TASK REQUIREMENTS:
Exact copy, no pictures: output each line below as it stands.

**** STORED DATA ****

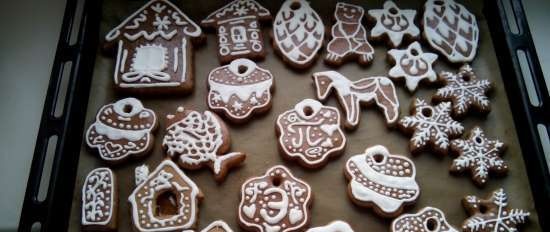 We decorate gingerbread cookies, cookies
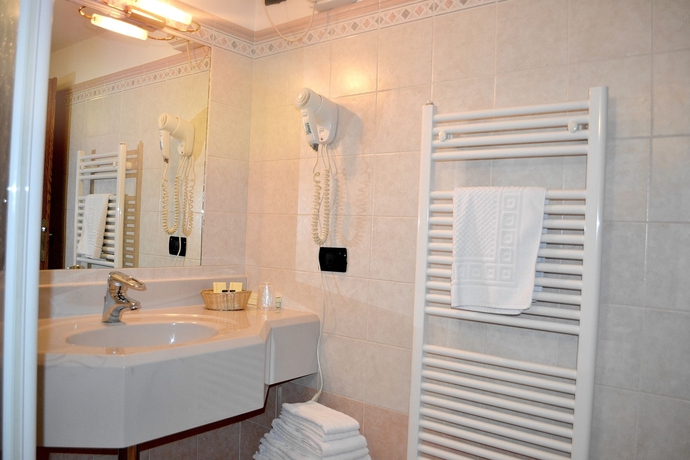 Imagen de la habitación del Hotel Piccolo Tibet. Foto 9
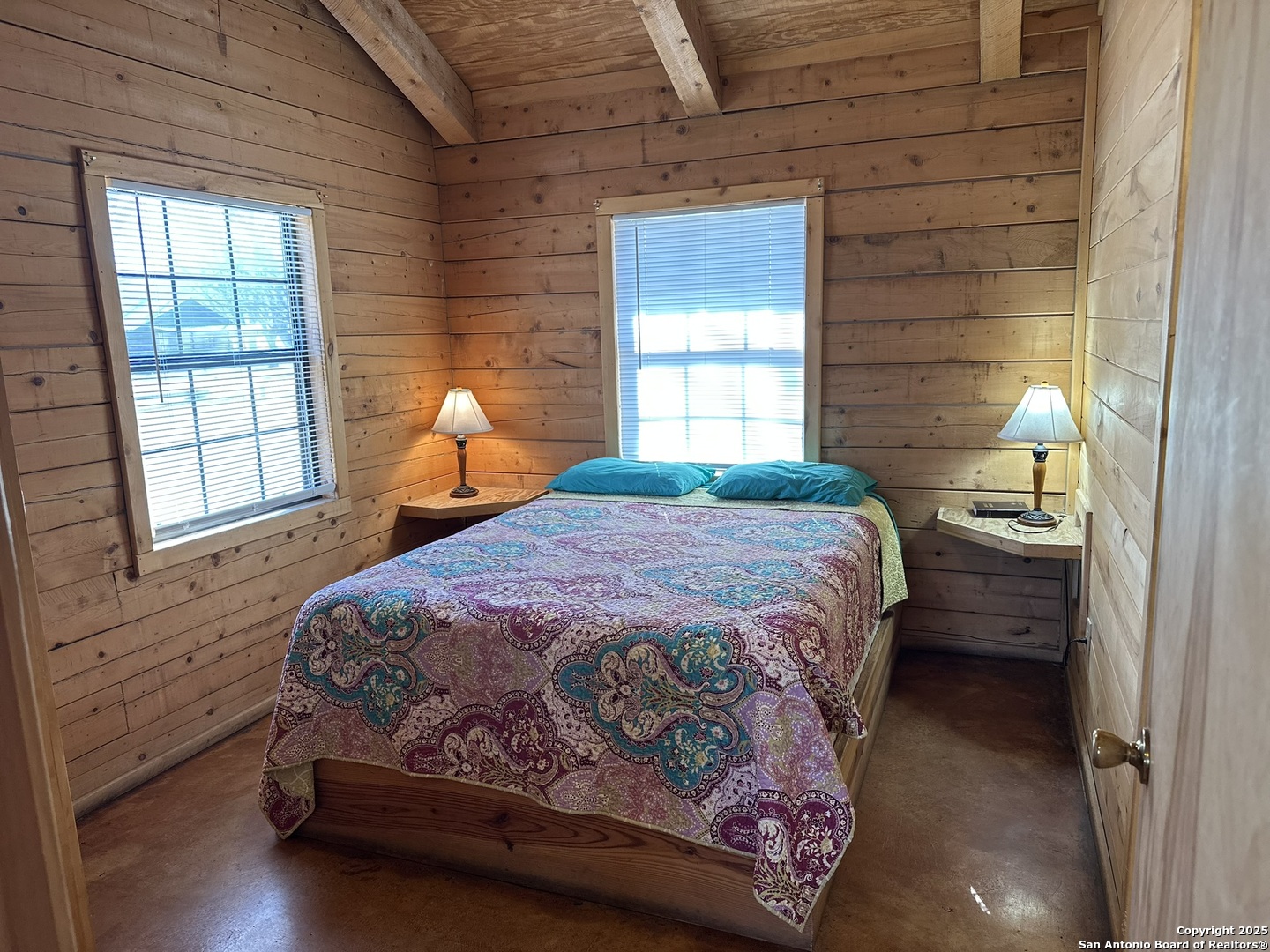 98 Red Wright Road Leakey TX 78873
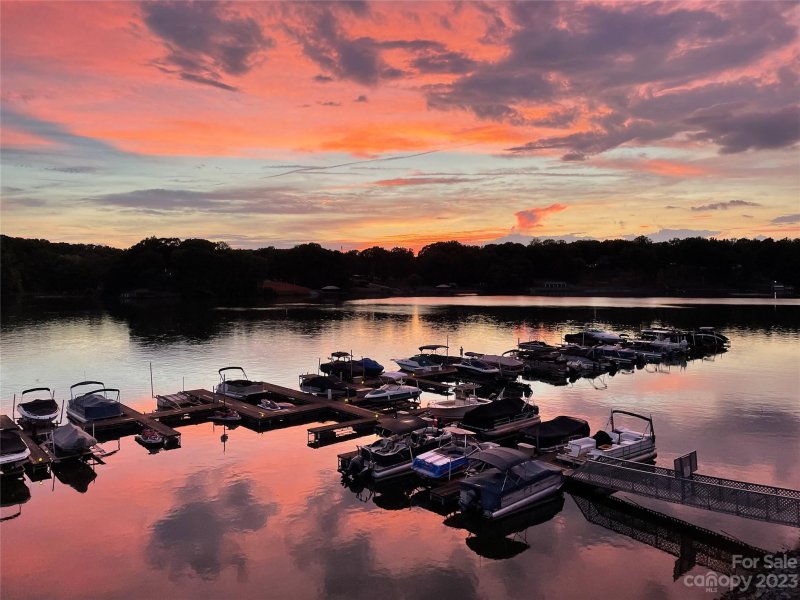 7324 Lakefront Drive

****

YOUR RESPONSE:
 We decorate gingerbread cookies, cookies
 Imagen de la habitación del Hotel Piccolo Tibet. Foto 9
 98 Red Wright Road Leakey TX 78873
 7324 Lakefront Drive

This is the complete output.